检查安全上下文以确保登录,然后查询db。

    $em = $this->getDoctrine()->getManager();

    $ownersCats = $em->getRepository('PetsPetSiteBundle:Blog')->findBy(array('type'=>'cat'));

or for one result only

或仅为一个结果

    $ownersCats = $em->getRepository('PetsPetSiteBundle:Blog')->findOneBy(array('type'=>'cat'));

Once you have this result if it comes back false, you know he has no cats. Otherwise continue.

一旦你得到这个结果,如果它回来假,你知道他没有猫。否则继续。

Obviously you could make this perform better by only querying for id's or something if you don't plan on using the entities on that page or just performing a count query and seeing if it's greater than 0?

显然,如果您不打算在该页面上使用实体或只是执行计数查询并查看它是否大于0,那么只需查询id或其他内容就可以使这个表现更好?

#1


0  

Well, since you haven't gotten anything else yet. I'll throw something out there but my experience is only moderate so far.

好吧,既然你还没有得到任何其他东西。我会抛出一些东西,但到目前为止我的经验只是温和的。

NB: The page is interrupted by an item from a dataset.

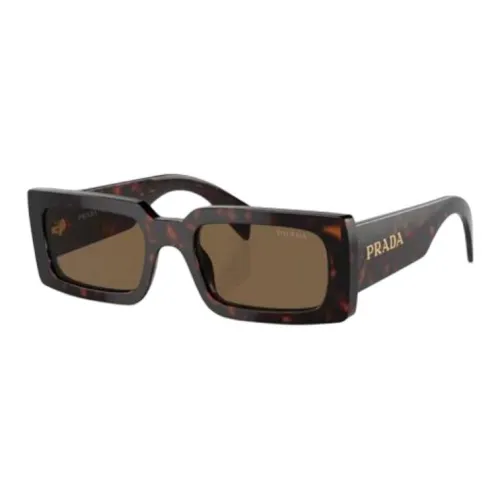 PRADA Rectangular Sunglasses Unisex Tortoiseshell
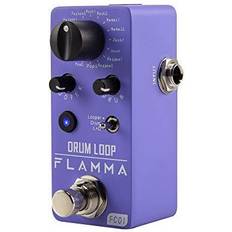 Guitar pedals Flamma FC01 Drum Machine Phrase Loop Pedal Guitar Pedal16 Drum Groove 20 Minutes Looper Capacity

In the controller for your cats owners page, you could query if the user has any associated cat entities.

在您的猫主人页面的控制器中,您可以查询用户是否有任何关联的猫实体。

You need to add OneToMany/ManyToOne annotations to your user and cat class, and a variable for the associations. This you could review straight out of the doctrine section of the symfony2 book (If you are working with Symfony2 and haven't taken the time to read the book, that is the minimal level of knowledge to work with the full stack and I suggest you read it all). (Do you really need a entity class just for cat, you could have a pet entity with a "type" option.)

您需要向用户和cat类添加OneToMany / ManyToOne注释,并为关联添加变量。你可以直接从symfony2书的学说部分中查看(如果你正在使用Symfony2并且没有花时间阅读这本书,那就是使用完整堆栈的最低知识水平,我建议你阅读全部)。 (你真的需要一个仅用于cat的实体类,你可以拥有一个带有“type”选项的pet实体。)

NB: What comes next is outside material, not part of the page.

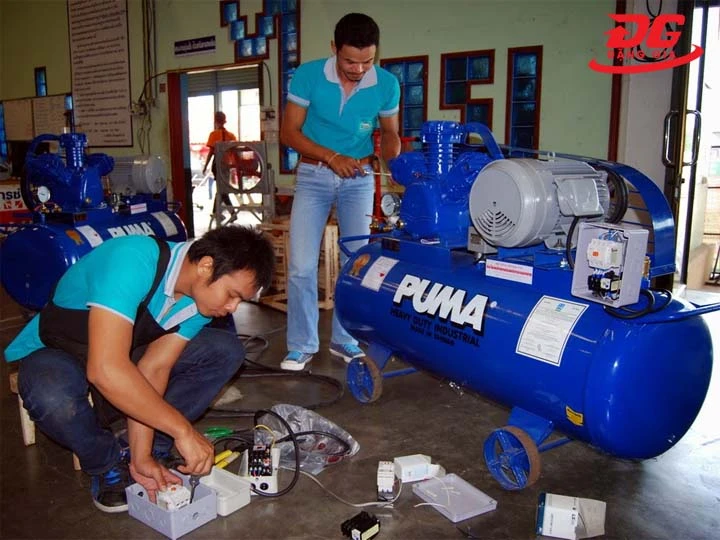 Bảo dưỡng máy nén khí định kỳ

check the security context to ensure logged in, then query db.

检查安全上下文以确保登录,然后查询db。

    $em = $this->getDoctrine()->getManager();

    $ownersCats = $em->getRepository('PetsPetSiteBundle:Blog')->findBy(array('type'=>'cat'));

or for one result only

或仅为一个结果

    $ownersCats = $em->getRepository('PetsPetSiteBundle:Blog')->findOneBy(array('type'=>'cat'));

Once you have this result if it comes back false, you know he has no cats. Otherwise continue.

一旦你得到这个结果,如果它回来假,你知道他没有猫。否则继续。

Obviously you could make this perform better by only querying for id's or something if you don't plan on using the entities on that page or just performing a count query and seeing if it's greater than 0?

显然,如果您不打算在该页面上使用实体或只是执行计数查询并查看它是否大于0,那么只需查询id或其他内容就可以使这个表现更好?